The tuxedo isn’t quite an endangered species–there are plenty of tuxedos in existence–but like the typical American, the tuxedo isn’t getting out much. In the same way that the American sits on couches and accumulates excess body fat and loses muscle, the tuxedo hangs on hangars in closets, acquires blandness and loses its interesting features. We don’t read books anymore. Sure, we may be exposed to short blasts of information over the internet in the form of tweets, Wikipedia introductions, and blog articles, but we tend less and less to read long, substantial books. And let’s face it: how much can you really say in a Wikipedia article? My opponents might retort that at some point books become long, recursive, winding roads of information that accomplish their goals inefficiently, and that’s true. Usually I can’t remember the beginning of a book by the time I finish it. So I guess books really are just a waste of time.

Anyway, I’m about to forget that I’m trying to discuss tuxedos. We probably spend as much money on clothes today as we did a century ago, but we look much worse. The technology for making clothing has been getting better and better, and so our clothes would reflect improved methods in sewing. Instead, we invest in the brand equity of designer labels who churn out flimsy garments that are made to look shabby. I’m still not talking about the tuxedo, am I?

Yes, the average man should own a tuxedo. It’s not a complicated garment. Moreover, a tuxedo is likely to last a man his entire life. The style is slow to change, so a tuxedo bought today will probably not look out-of-place half a century from now. The way I imagine it, a man buys his tuxedo roughly around the time he finishes high school and begins college. By this time, most men have reached their maximum height. Perhaps they will gain weight as time goes on, but this can be allowed for in the seams after the initial tailoring. Furthermore, it is around this age that a man is expected to begin wearing black tie to semi-formal events, for a man of this age is becoming an adult and is striving for independence. And in my imagined world, the man keeps this tuxedo for the rest of his life (of course there is always the possibility that it gets destroyed in a fire, lost in a move, ruined by spills, or ripped to shreds by nymphomaniacal women, and in these cases the man would, yes, sadly, have to replace his tuxedo). Thus, a man’s age is reflected in his tuxedo. It isn’t unheard of for what we wear to reflect our age–many men wear their college or high school class rings, which are typically stamped with the graduation year. Thus, at a black-tie event today, one would expect to see old tuxedos on the tribal elders, new tuxedos on young men, and slightly old tuxedos on the middle-aged men. Naturally, there would be some older men with newer tuxedos. These men perhaps suffered one of the aforementioned tragedies or simply became tired of their old tuxedos. And there would be younger men with older tuxedos, or older men with superannuated tuxedos. These men perhaps have an affinity for older styles or are honoring a similarly-sized ancestor.

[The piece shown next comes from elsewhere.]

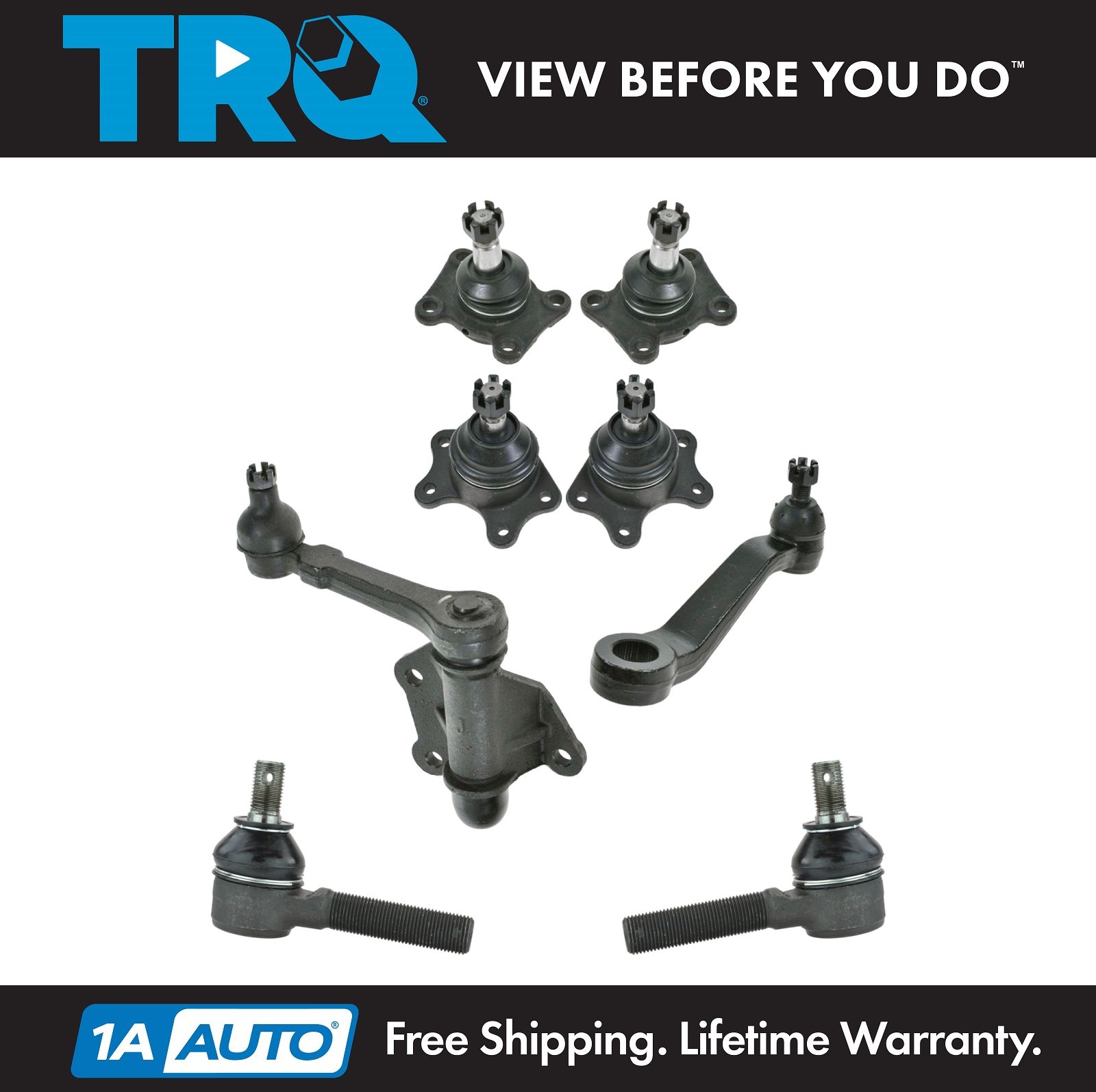 Upper Lower Ball Joints Inner Outer Tie Rod Pitman Idler Arm 14pc Set 2WD ONLY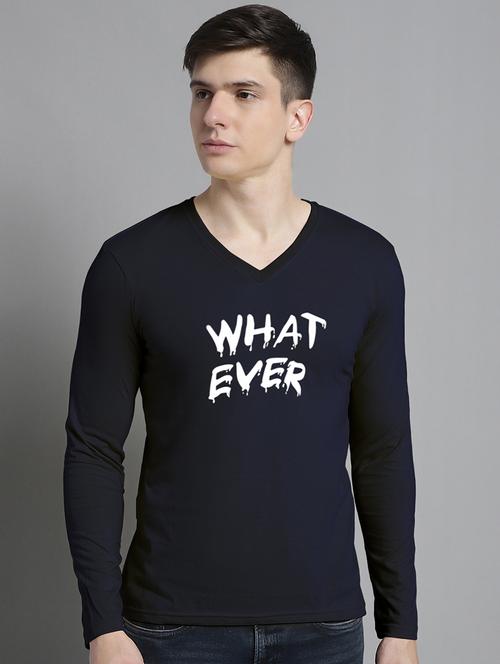 navy blue cotton chest print tshirt - 20299132 -  Standard Image - 0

So the tuxedo is immune from the ephemeral tides of fashion. The tuxedo is as sound an investment as a US Treasury Bond (although not quite as fungible, hence why China does not invest in tuxedos).

There are some who contend that the tuxedo is too ostentatious, too bold for stoic, manly men. These men prefer to wear a subtle-colored suit. Perhaps they rise above their norm and wear a neck tie (probably not a self-tie bowtie, though). Regarding these men, I wonder what agent of insipidity whitewashed their personalities away. The tuxedo, resistant to the momentary urges of fashion endemic to women’s formalwear, is an icon of stasis and masculinity. Compare the tuxedo to the extravagant dress of the Renascence. The tuxedo is more Puritanical than it is ornamented. It is all black; it drapes over the body with simple, geometric lines; there are no poufs, frills, billows, or other emasculating features. The tuxedo’s laudable achievement is that it looks festive at all. The ancient Romans prided themselves that their toga was a simple garment*. We should pride ourselves that our tuxedo is a simple, yet practical, ergonomic garment.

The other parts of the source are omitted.